Here is a piece of correspondence that I actually received quite a long time ago, but which I just noticed recently as I was cleaning old out e-mail. The letter is apparently in response to my remarks in GT 2005-01-03: Robert E. Lee owned slaves and defended slavery. I suppose that it’s better late than never, when it comes to reprinting such valiant efforts to clear the name of such a great man and great American.

From: Todd

Subject: Hero

Date: 11 May 2006

General Lee is and will ever be my hero. Despite Slavery. He was a Great American. One can look with hind sight and say things, but we are careful about this. Never damning such people as Washington, or Jefferson. My point is we make our history to meet the PC thought of the day.

Lee was a loyal patriot, that had history provided a different out come, would be the model of every young person of every race.

The one thing I don’t like about America is we dismiss the brave heroes of our past because they don’t fit the PC world of today. We have a rich history, of which we should be proud. Men like Lee should be praised along side others like Washington, Lincoln, F.D.R. and so on.. They are part of what made us American.

I have traveled to the former USSR many times, and the subject of Gen Lee came up with ex Soviet Army Vets. All knew him as a great General.

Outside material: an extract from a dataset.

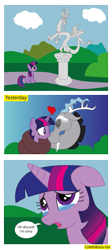 Size: 599x1335 | Tagged: safe, artist:conikiblasu-fan, imported from derpibooru, discord, twilight sparkle, draconequus, pony, unicorn, coils, comic, discolight, female, floating heart, heart, kissing, male, petrification, shipping, simple background, statue, straight, transparent background, unicorn twilight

They had studied his tactics. When I told them that Americans were ashamed and renamed schools which once bore his name, they always laughed, saying you Americans have become weak, and cant honor your own This was hurtful words, but true words.

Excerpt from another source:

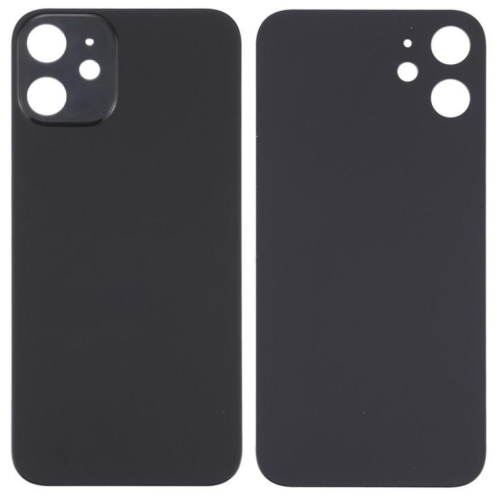 IPhone 12 Cover Posteriore Di Vetro (Buco Grande) Nero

Slavery was an evil, one we should always remember, but something more important we should know , it still exist. In the heart of Africa it is there, why don’t we do something ? The only answerer I can provide myself is that, it isn’t PC. If it were P.C. every Hollywood actor, and Liberal Political would be screaming from roof tops. Dear Lord, it would be the biggest political thing in 150 years.Because we don’t here about it leaves me to wonder about the legitimate cry over the history American Slavery. It is just an agenda of the left. Because if they really cared they would do something to help the people around the world still enslaved. I don’t think they really care, but blaming men like Robert E. Lee makes them feel better.

For the record, I would like to admit that I have been convinced, in spite of the seditious libel spread throughout the P.C. world of today, that Robert E. Lee should indeed be praised about as much as George Washington, Thomas Jefferson, Abraham Lincoln, Franklin D. Roosevelt, and whichever of their own nationalist heroes as may be honored by the proud veterans of the Red Army.